Tuesday, January 10, 2012

World of Difference

I wake up on the wrong side of my body, the right side, and I know that in about two more minutes the pain will register. Again, I’m wrong—as I count slowly the seconds passing I don’t even make it to sixty before I can feel the nerves to start to fire and the stiffness make itself known. My arm and shoulder shout at me. They tell me that I should have done a better job of sleeping on my left side.

Two wrongs before I even get out of bed to start my day. I don’t have time for any more wrongs, so I jump up quickly-- ripping off the Band-Aid, so to speak. I stand up beside my bed, and slowly raise my right arm above my head. I can move it, which is good.
                                        
The pain starts in my shoulder blade. I can feel it wrap around the curve of my scapula, move up my side, and into my armpit. My shoulder is stiff and feels as if it’s on fire. The pain travels down the top of my arm to my elbow—also affected—and down the side of my forearm into my wrist and fingers. My carpals and metacarpals are slightly swollen and stiff, but the pain associated with moving my fingers or thumb is nothing compared to the feeling in my shoulder blade. I can still make a fist, although it’s nothing akin to the fist I can still make with my left hand.

And through all of this, I smile. I am happy. I am grateful. It’s just not that bad. Nothing I can’t handle.
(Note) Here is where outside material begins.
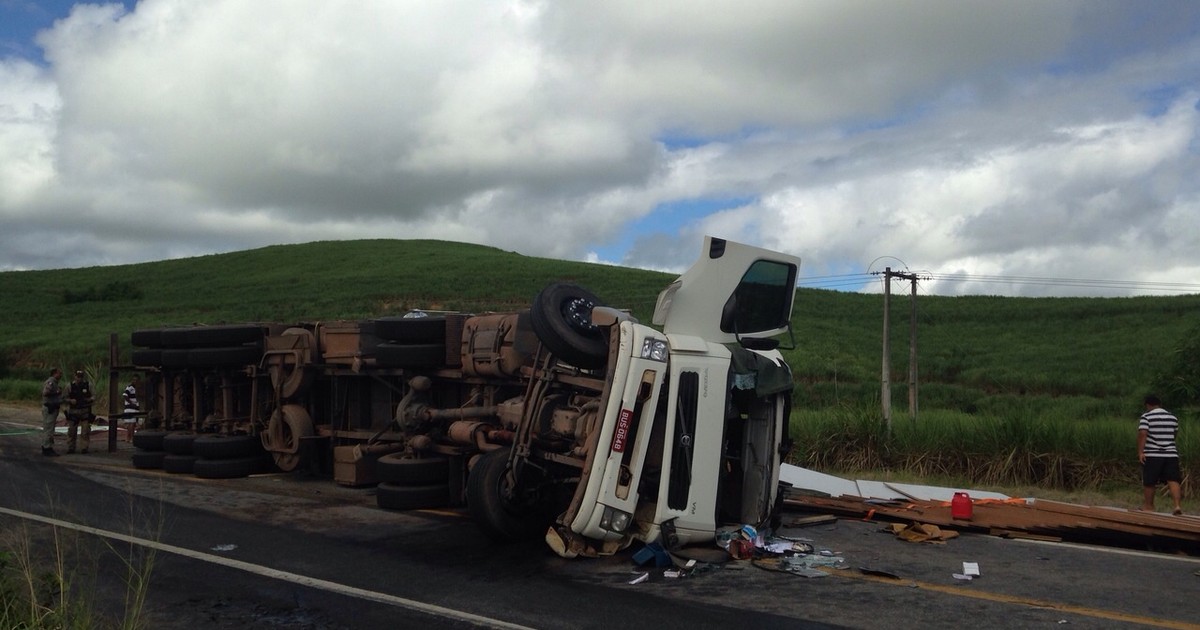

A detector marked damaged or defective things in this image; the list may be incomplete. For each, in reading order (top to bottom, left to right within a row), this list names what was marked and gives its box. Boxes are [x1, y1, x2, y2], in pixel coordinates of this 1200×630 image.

overturned truck [126, 237, 801, 554]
If my joints were screaming, that would be one thing. But they don’t scream—they shout, they huff and puff, they whine. They do not scream.

The last time I had an arthritic attack like this was three (THREE!) years ago. It seemed to affect every joint in my body. I could hardly move. I was always so tired. I went to specialist after specialist. I had test after test and x-ray after x-ray. What they agreed on: it’s arthritis. What they didn’t agree on: what type of arthritis it is. There are over 100 types of arthritis, and the doctors were pretty sure I had one of three of those types. I did physical therapy and instituted a whole regime in my household dedicated to my joints and even took the RA drugs for a while. Then the summer came, and the stress was alleviated and I felt better.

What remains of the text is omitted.